EXERCISE DETAILS
Repeat exactly what runs from the line containing "Kitchen - PropertyGuru.com.sg" through the last line of the material below. Do not copy the pictures.

______________________________

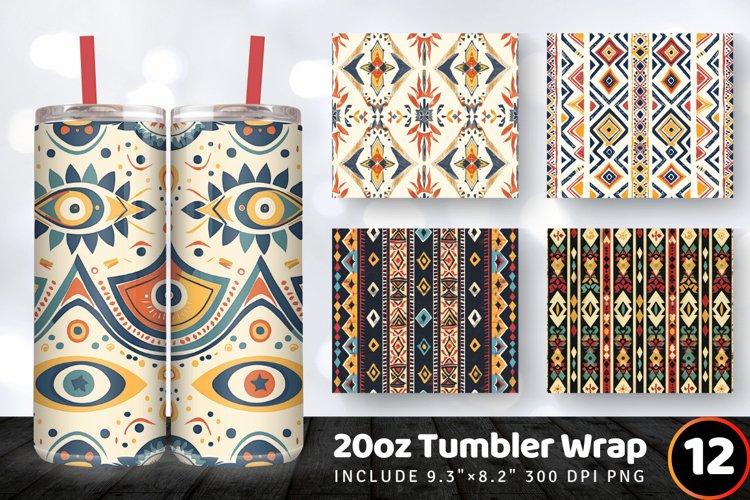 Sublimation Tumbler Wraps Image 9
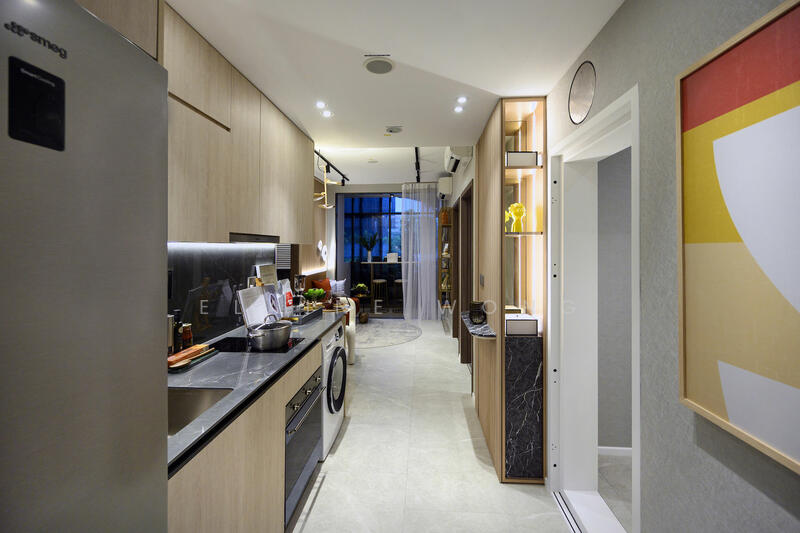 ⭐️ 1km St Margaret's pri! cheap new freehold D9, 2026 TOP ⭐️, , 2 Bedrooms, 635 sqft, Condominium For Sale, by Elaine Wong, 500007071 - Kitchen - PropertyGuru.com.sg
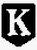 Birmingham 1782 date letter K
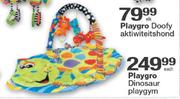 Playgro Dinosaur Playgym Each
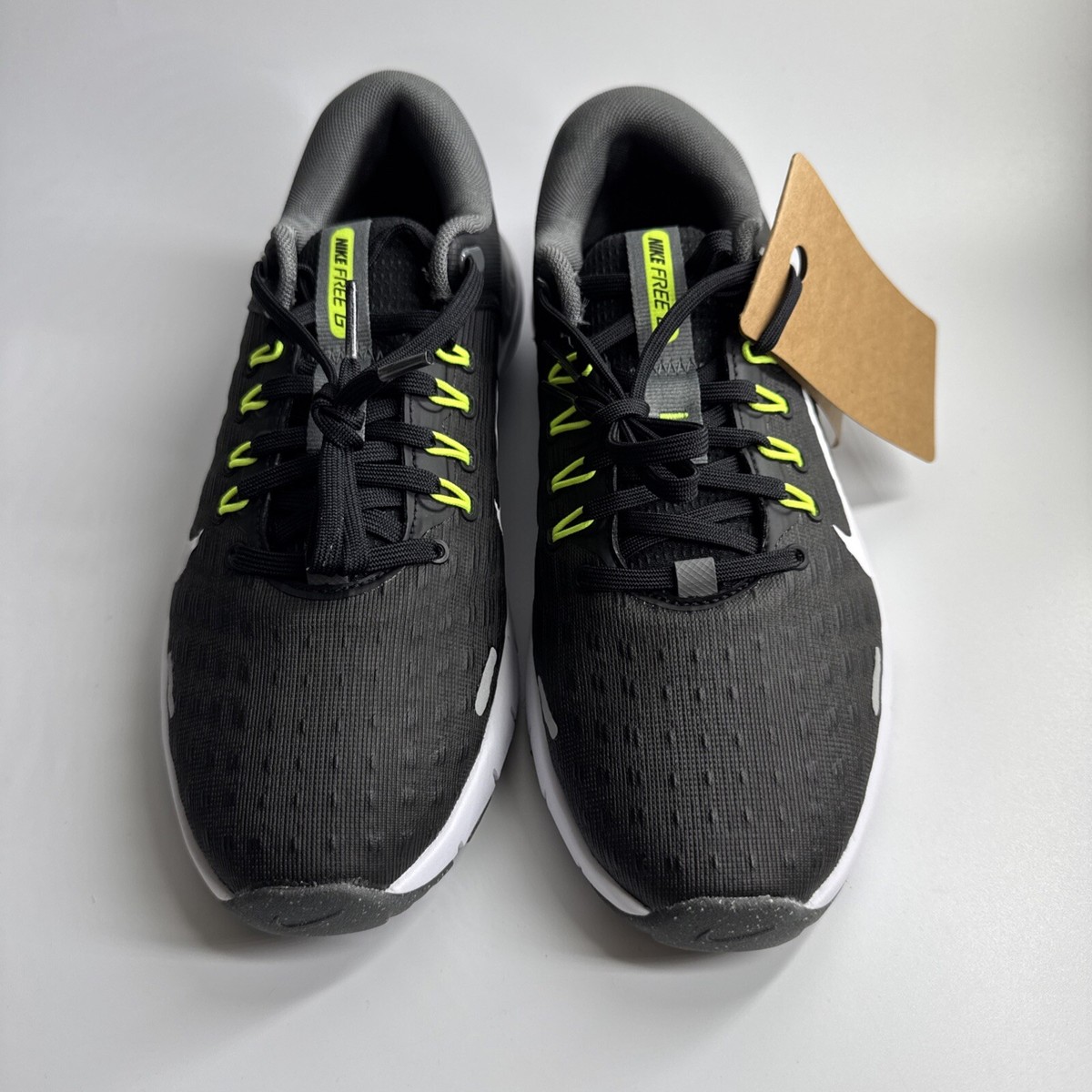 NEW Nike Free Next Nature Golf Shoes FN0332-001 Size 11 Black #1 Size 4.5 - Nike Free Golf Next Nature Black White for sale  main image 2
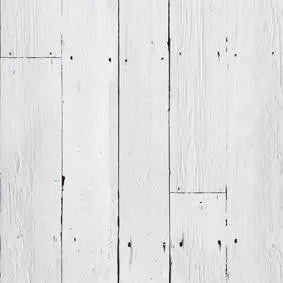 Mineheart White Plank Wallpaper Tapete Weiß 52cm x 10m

______________________________

TASK ANSWER
 ⭐️ 1km St Margaret's pri! cheap new freehold D9, 2026 TOP ⭐️, , 2 Bedrooms, 635 sqft, Condominium For Sale, by Elaine Wong, 500007071 - Kitchen - PropertyGuru.com.sg
 Birmingham 1782 date letter K
 Playgro Dinosaur Playgym Each
 NEW Nike Free Next Nature Golf Shoes FN0332-001 Size 11 Black #1 Size 4.5 - Nike Free Golf Next Nature Black White for sale  main image 2
 Mineheart White Plank Wallpaper Tapete Weiß 52cm x 10m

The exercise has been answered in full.